### ASSIGNED TASK
Only one portion of the data is to be written out: from the line bearing "in 2020 new" through the line bearing "پسر ۲ ساله روزی ۴۰ نخ سیگار می‌کشد! + تصاویر". Write it exactly as it appears.

### DATA SECTION

*** Begin section ***

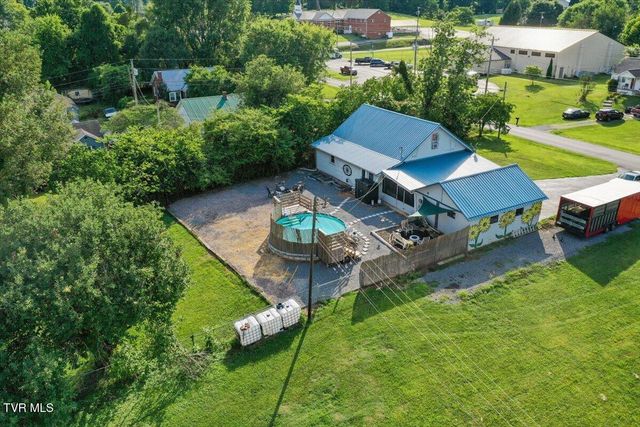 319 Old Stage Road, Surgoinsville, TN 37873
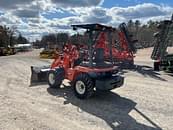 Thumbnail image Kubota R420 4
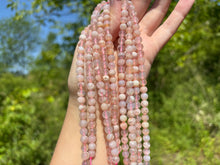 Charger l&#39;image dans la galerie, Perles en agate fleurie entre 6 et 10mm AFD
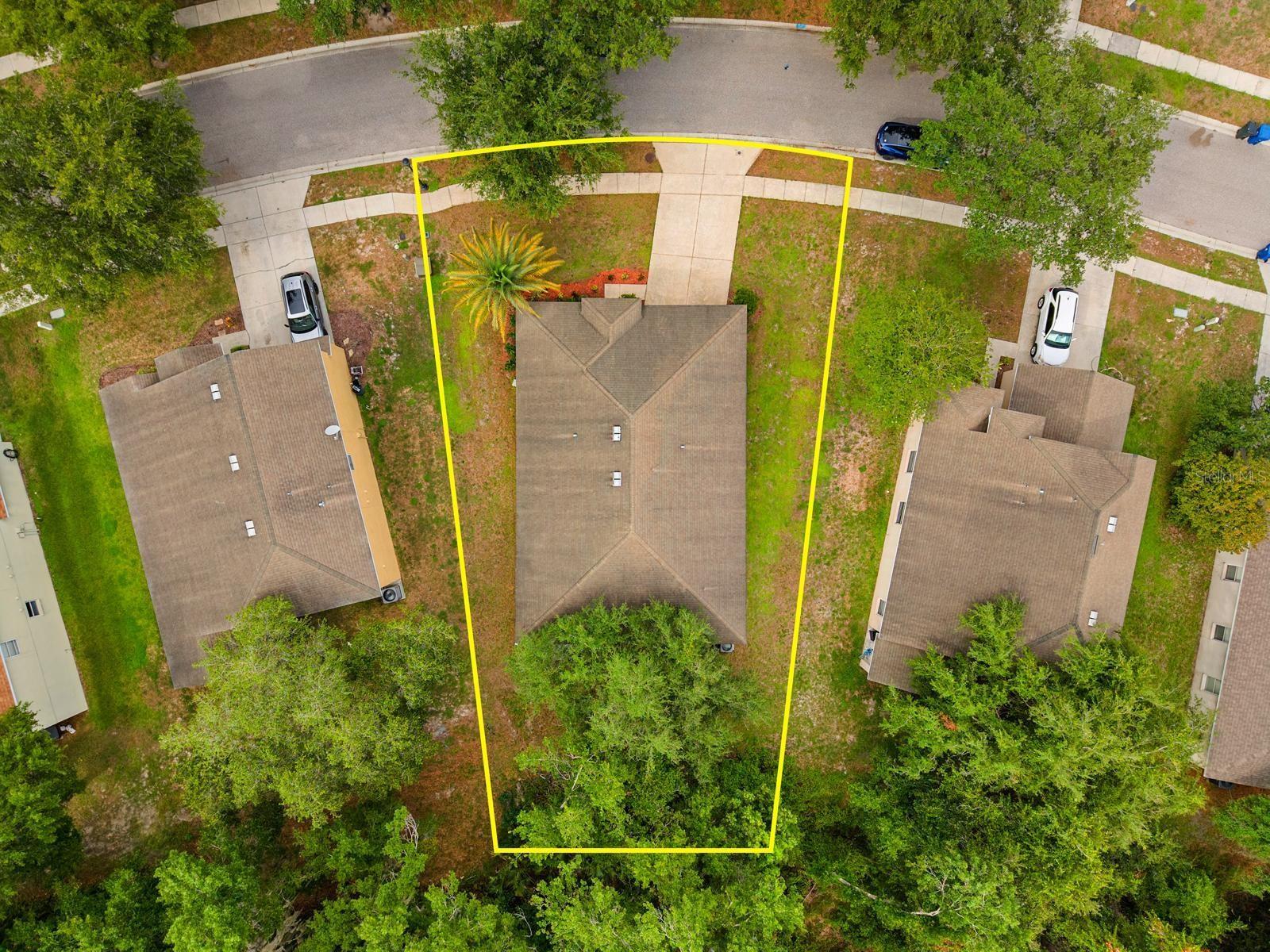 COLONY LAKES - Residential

*** End section ***
*** Begin section ***

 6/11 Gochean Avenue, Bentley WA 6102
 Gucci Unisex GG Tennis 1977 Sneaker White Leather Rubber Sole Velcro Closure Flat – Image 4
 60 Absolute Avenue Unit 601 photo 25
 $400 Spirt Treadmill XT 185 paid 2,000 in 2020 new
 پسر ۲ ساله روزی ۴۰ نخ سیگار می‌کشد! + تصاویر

*** End section ***

### SOLUTION
 $400 Spirt Treadmill XT 185 paid 2,000 in 2020 new
 پسر ۲ ساله روزی ۴۰ نخ سیگار می‌کشد! + تصاویر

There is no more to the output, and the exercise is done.